[MissoulaGov] Committee Update 3-2-11
sombra at centric.net
Thu Mar 3 09:13:27 MST 2011
Wasn't there a recent and complete rewrite of the city's zoning laws? Is this a return to the scattershot method of zoning? tc
----- Original Message -----
From: Bob Jaffe
To: missoulagov at cmslists.com
Sent: Wednesday, March 02, 2011 9:43 PM
Subject: [MissoulaGov] Committee Update 3-2-11
The main item for me today was the rezone request for 217 Catlin Street. http://www.ci.missoula.mt.us/DocumentView.aspx?DID=5591 This is the property across the street from the housing authority project on Catlin behind the Good Food Store. The parcel runs the full width of the block between Catlin and Garfield. The current zoning allows for 16 units per acre at a height of 35 feet. The developer is requesting to rezone the property to 43 units per acre at 45 feet. It is a 2+ acre parcel that could yield about 94 units at the proposed density. The developer’s stated intention is to build a complex of multi-family buildings with a total of 72 one bedroom units.
As one may expect, the neighbors to the project are unhappy. They say that they welcome development of the parcel, but not at two or three times the currently allowed zoning. Unhappy is probably an understatement. Some of them are passionately displeased.
This is the first controversial development proposal we have seen in quite some time. Possibly it’s a good omen for the economy.
The issues are that we have various growth policies and transportation plans and visions for the future that all promote the virtues of infill and compact development near the urban core in proximity to services. But where is the limit? A few years ago we approved the UFDA plan (Urban Fringe Development A??). This document built off the premise that the historical growth in Missoula has been about 2% per year. So if we project out the next 20 years or so we figure we need so many additional units to be constructed. Then through some semi-scientific process figure out how many of those units should be absorbed in each section of town. Then we can look at the zoned potential of parcels that currently have an assessed land value that exceeds the assessed improvements value. This represents readily developable land.
In this particular section, Russell to Reserve, the zoned potential of developable land can hold twice the number of units that we anticipate needing.

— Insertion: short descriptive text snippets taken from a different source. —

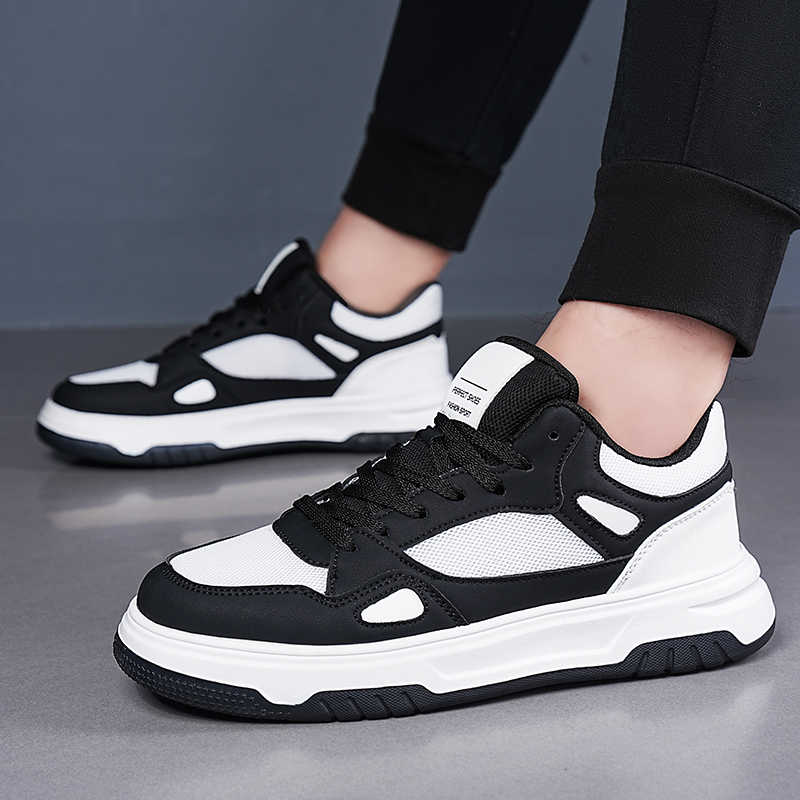 รองเท้าผ้าใบผู้ชายแบบหนา ส้นสู - Men Shoes Boots บทวิจารณ์และราคา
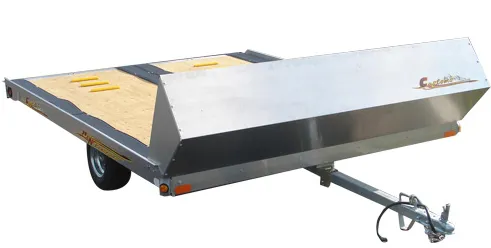 Remorque Motoneige Double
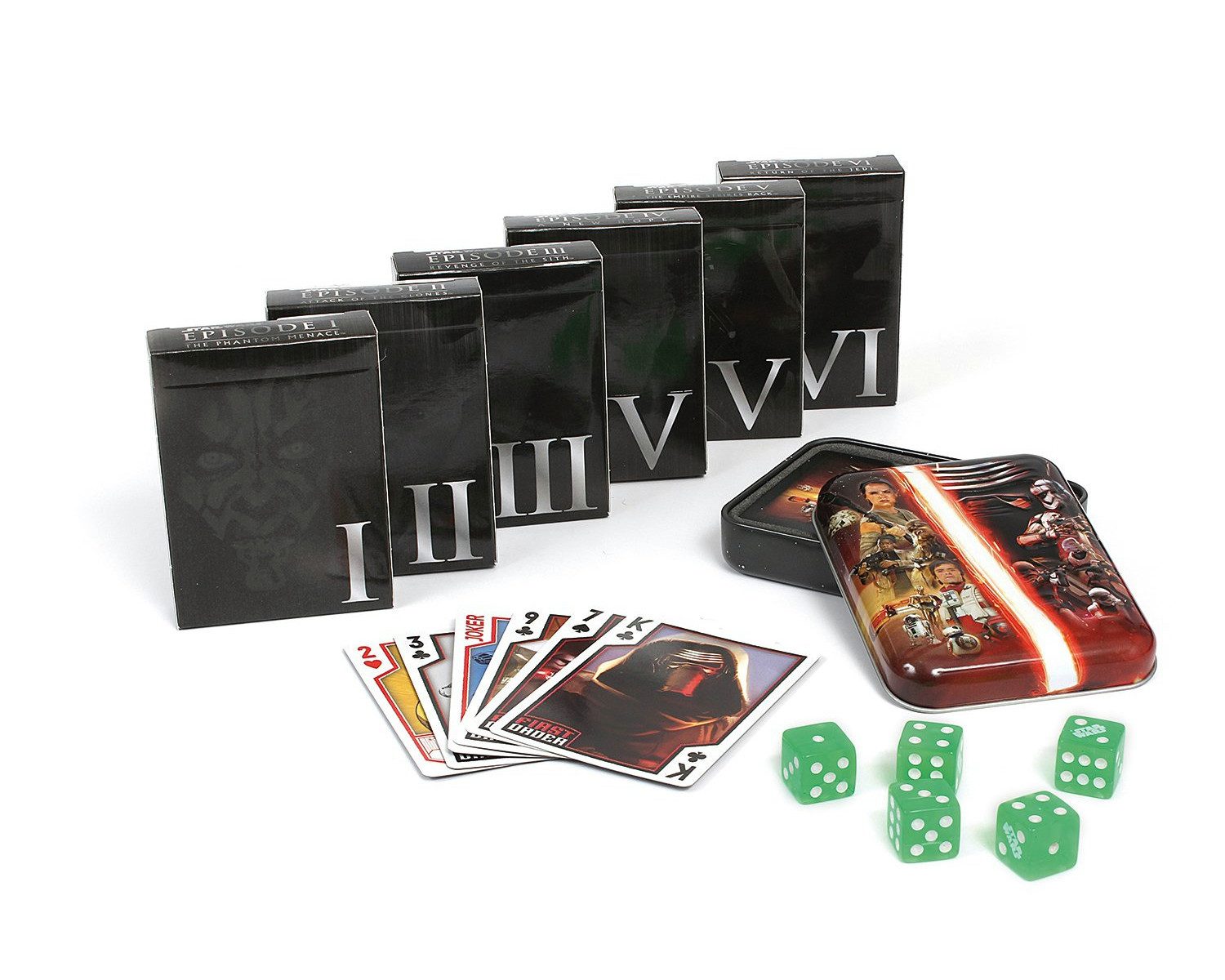 ASS Altenburger Spiel Star Wars - Spielkarten - Collector's Set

So one may question why we would even consider allowing such a dramatic upzone when the current zoning supports adequate development for our long term growth plans.
What we are being told is that even though the zoning density supports our growth plans, it does not support the cost of development. The developer’s representatives, Jamie Hoffman and Ken Jenkins, told us that you can not build at 16 units per acre and make money. Jamie said that of the nearly 30 multi-family projects he has been involved in over the years only a few have been less than 20 units/acre. Generally they get built in commercial zones not encumbered by density limits.

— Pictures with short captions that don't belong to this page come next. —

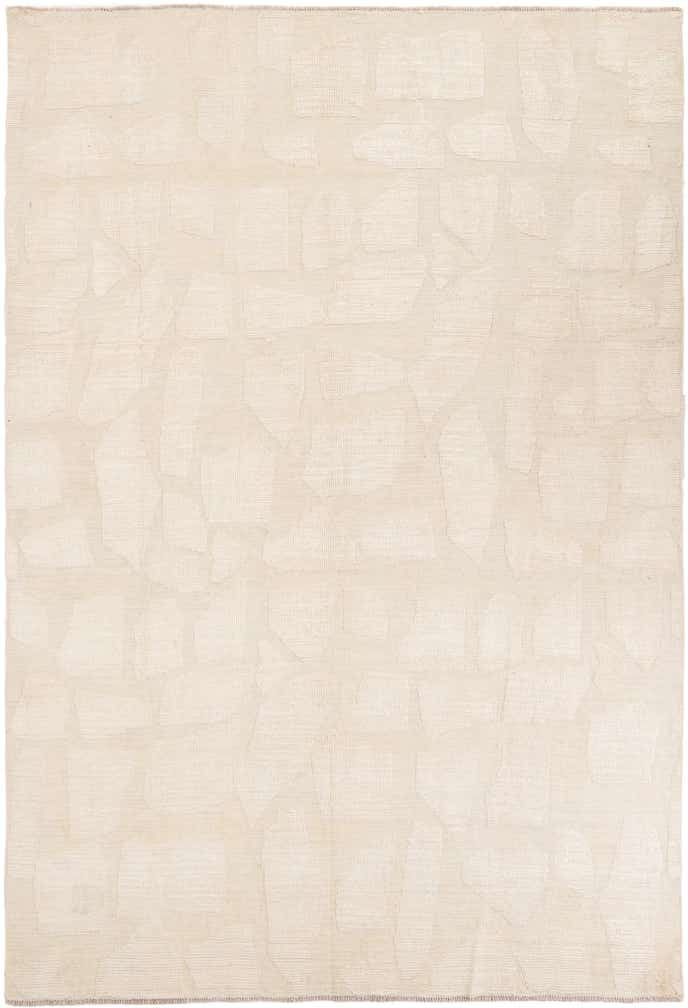 8' 5 x 12' 5 Hand Knotted Moroccan Wool Rug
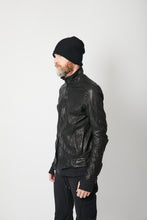 画像をギャラリービューアに読み込む, CV10-0007 レザートラックジャケット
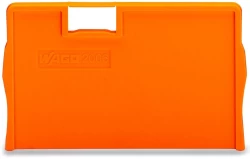 WAGO 2006-1294 6 MM AYIRICI PLAKA TURUNCU 2 MM KALINLIĞI - WAGO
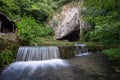 Petnicka pecina cave and river Banja, Petnica, Valjevo, Serbia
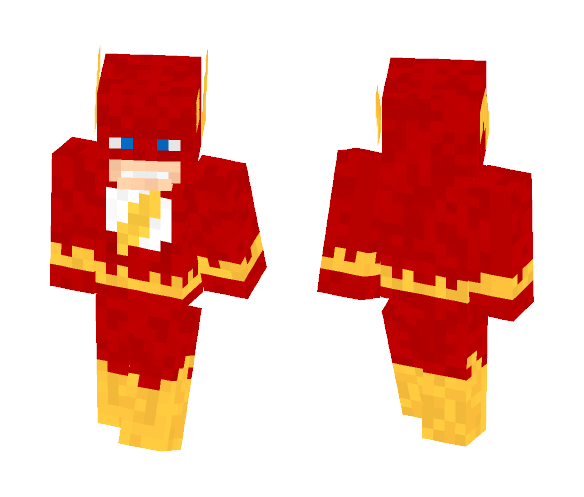 The flash ( original ) - Comics Minecraft Skins - image 1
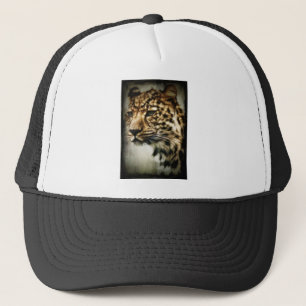 Leopardfläche Truckerkappe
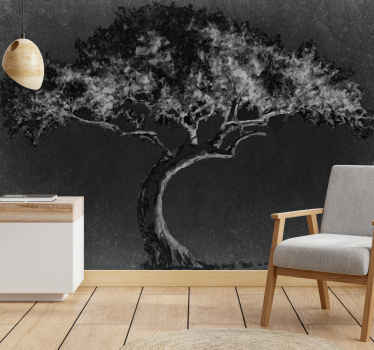 Fűzfa skandináv házassági falfestmények - TenStickers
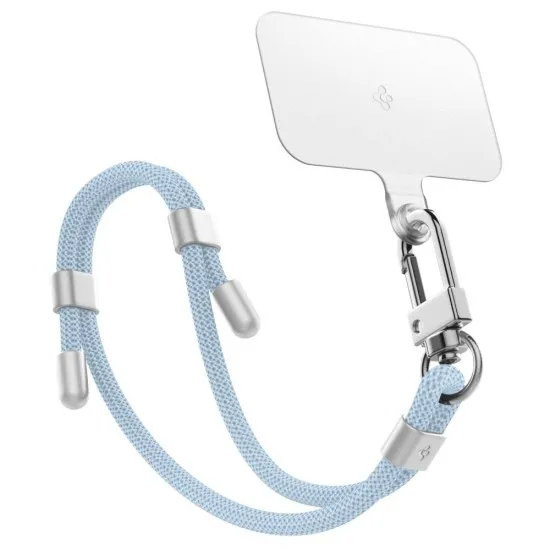 Snur pentru Smartphone, 220 - 790mm - Spigen - Mute Blue Snur pentru Smartphone, 220 - 790mm - Spigen - Mute Blue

If this is indeed the case, then we have a bit of a problem. I know we have gone over this before but it has been a while. It would be nice if someone in the development community could do a little presentation on the economics of real estate development. Here are my wild ass guesses on this project: $400,000 for the land. I would hope there is some economy of scale when building something like this so lets say $90 per foot. 72 one bedroom units. Let’s guess 500 feet each. That comes to $3,640,000. Round it up to $4 million with parking, landscaping, and whatever else may be involved.

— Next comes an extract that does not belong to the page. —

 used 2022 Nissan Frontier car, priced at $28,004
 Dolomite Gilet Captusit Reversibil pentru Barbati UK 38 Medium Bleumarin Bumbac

Then you figure brand new one bedroom units will rent for something like $600. So that works out to $518,400 per year in income at full occupancy. Take out $75,000 in management and maintenance and you get $443,400 in income per year. Does that pencil for a $4,000,000 investment? I’m not sure.
When a developer looks at a project and says that doesn’t pencil, they must be using some rough numbers like I just did. It seems like this is the sort of thing we should be privy to as policy makers. From what we are being told, our policy is based on a reality that no longer exists in this community. I think we need to get to the bottom of this.
The public hearing on the rezone will be Monday night.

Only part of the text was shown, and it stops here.